Al dipendente sorpreso a lavorare presso un’altra azienda, durante la fruizione dei congedi per motivi familiari, non basterà più invocare l’illegittimità dei controlli svolti dall’agenzia investigativa o la mancata affissione del codice disciplinare per far “cadere” il licenziamento intimatogli per giusta causa.
E’ quanto ha deciso la Cassazione molto di recente, con la sentenza n. 6893 del 20 marzo 2018, in un caso ove il lavoratore, dopo aver chiesto un periodo di astensione non retribuita dal lavoro per assistere la madre disabile, era stato invece sorpreso a recarsi quotidianamente pressi i locali di un’altra azienda, di cui era risultato amministratore e responsabile dalla gestione tecnica.
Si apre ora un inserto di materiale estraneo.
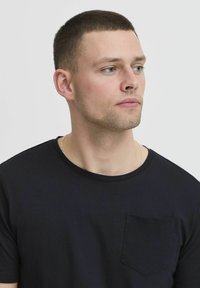 Camiseta de algodón negra de manga corta, con cuello redondo y un bolsillo en el pecho izquierdo. Textura suave con sutiles detalles de costura.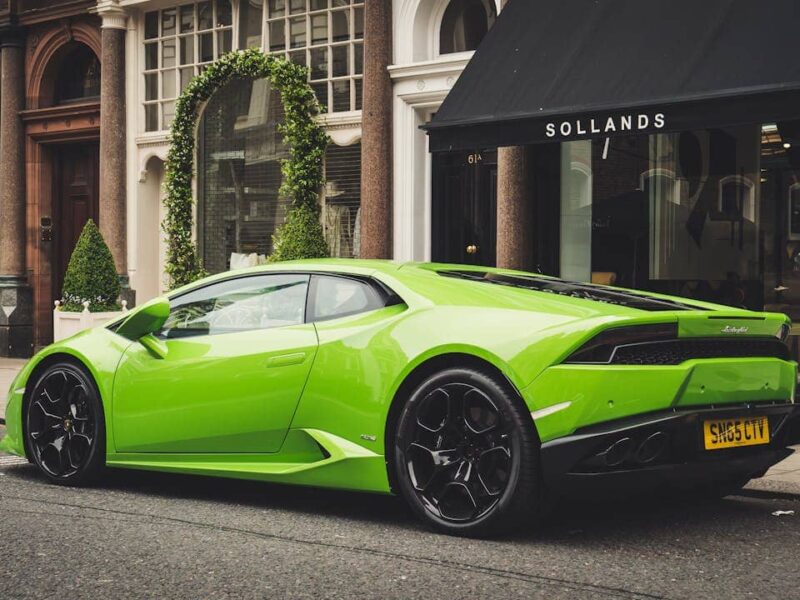 Lamborghini auf einer Straße in Dubai bei Sonnenuntergang, mit Skyline im Hintergrund
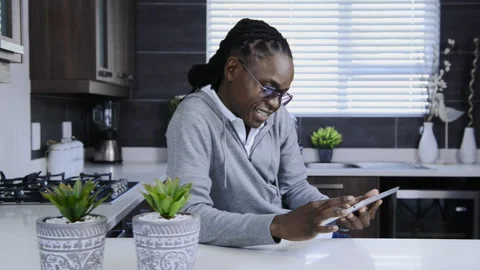 African american man using tablet computer in modern kitchen Vidéo 199630103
A nulla è valso il tentativo del lavoratore di far dichiarare l’investigazione difensiva svolta nei suoi confronti prova “inidonea”: secondo la Cassazione, infatti, è giustificato il ricorso alle agenzie investigative quando il datore abbia anche solo il sospetto che il dipendente stia commettendo un illecito, tanto più se il controllo avviene in un momento di sospensione dell’esecuzione dell’attività lavorativa (come avviene, appunto, in caso di fruizione di congedo). In tal caso, infatti, l’investigazione viene disposta per accertare la commissione o meno di un illecito da parte del dipendente e non per accertare l’eventuale inadempimento della prestazione lavorativa durante l’orario di lavoro.

Stessa sorte per la contestazione sulla mancata affissione del codice disciplinare, non necessaria quando la condotta imputata è contraria al c.d. “minimo etico”.
Secondo la Corte, svolgere un’altra attività lavorativa durante la fruizione dei congedi integra negazione del dovere di fedeltà, oltre che dei generali principi di correttezza e buona fede, per cui è idonea a costituire giusta causa di licenziamento. Peraltro, la condotta del dipendente diviene ancor più grave nel caso in cui sia la legge stessa che, riconosciuta la possibilità di richiedere un congedo per gravi e documentati motivi familiari, pone però a carico del dipendente il divieto di svolgere alcun tipo di attività lavorativa durante il periodo di fruizione del permesso (come nell’ipotesi dell’Art. 4, comma 2 L. 53/2000).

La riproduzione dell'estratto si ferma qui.